GOAL OF THE EXERCISE: Look below for the line that has "Manteau en laine". Set down the lines from there through the line that has "Nathan Smith mid-performance on guitar", exactly as written.

─── EXERCISE MATERIALS

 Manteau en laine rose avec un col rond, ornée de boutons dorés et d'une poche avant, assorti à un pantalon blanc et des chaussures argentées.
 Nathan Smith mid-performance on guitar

──────
─── EXERCISE MATERIALS

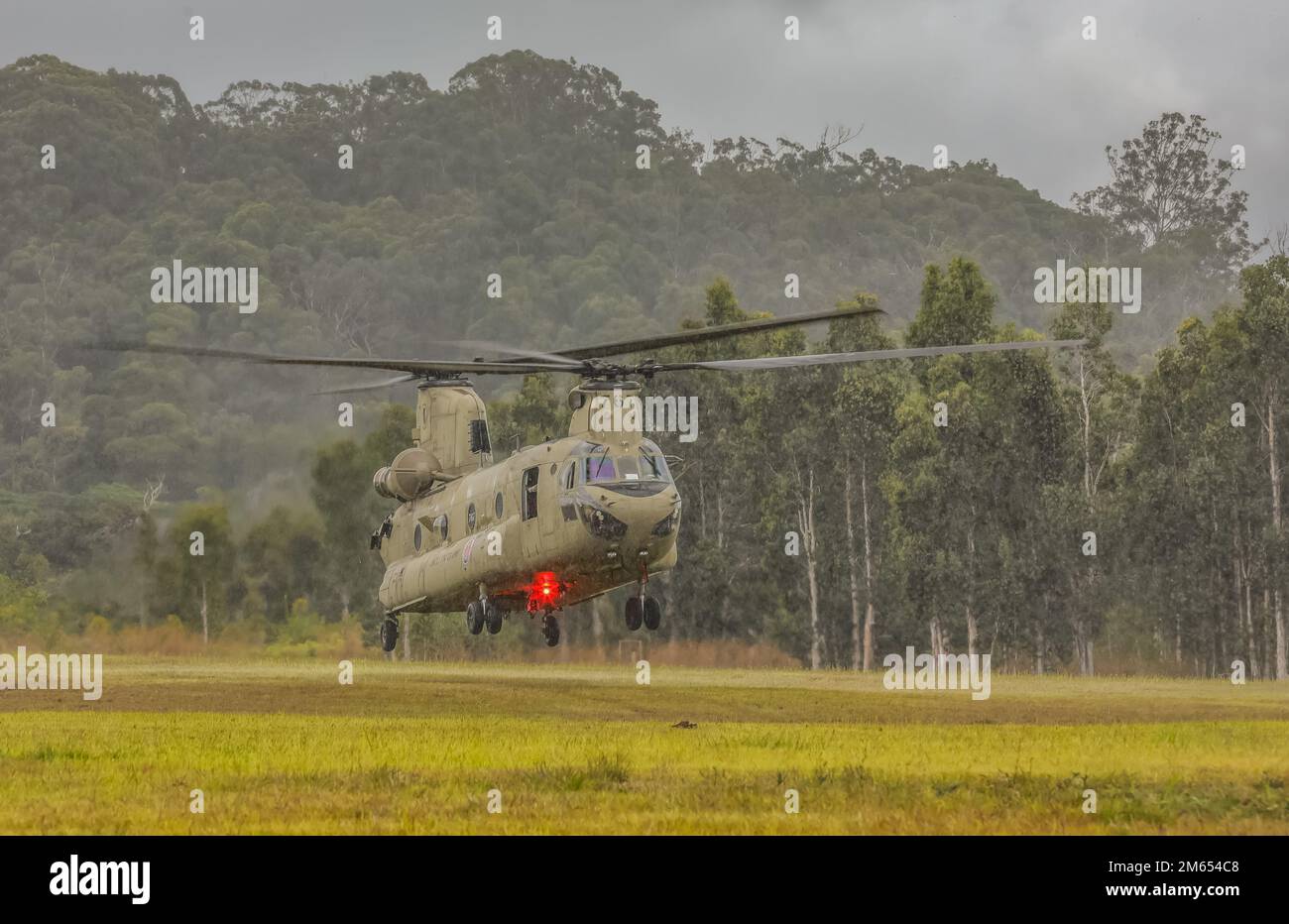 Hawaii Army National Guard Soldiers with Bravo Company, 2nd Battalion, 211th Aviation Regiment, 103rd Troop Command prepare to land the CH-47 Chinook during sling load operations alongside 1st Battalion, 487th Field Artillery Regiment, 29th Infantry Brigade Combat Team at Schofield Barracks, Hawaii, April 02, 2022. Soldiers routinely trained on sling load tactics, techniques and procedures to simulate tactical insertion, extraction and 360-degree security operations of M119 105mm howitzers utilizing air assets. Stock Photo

──────
─── EXERCISE MATERIALS

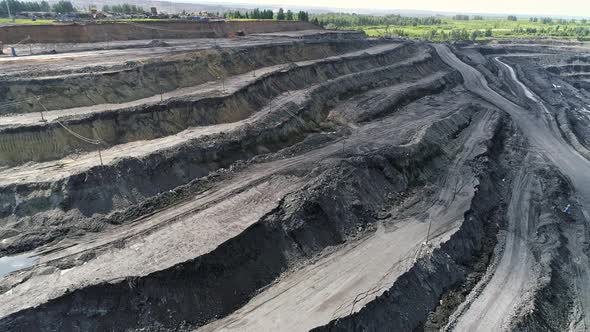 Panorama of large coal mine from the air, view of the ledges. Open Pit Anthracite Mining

──────

OUTPUT OF THE TASK:
 Manteau en laine rose avec un col rond, ornée de boutons dorés et d'une poche avant, assorti à un pantalon blanc et des chaussures argentées.
 Nathan Smith mid-performance on guitar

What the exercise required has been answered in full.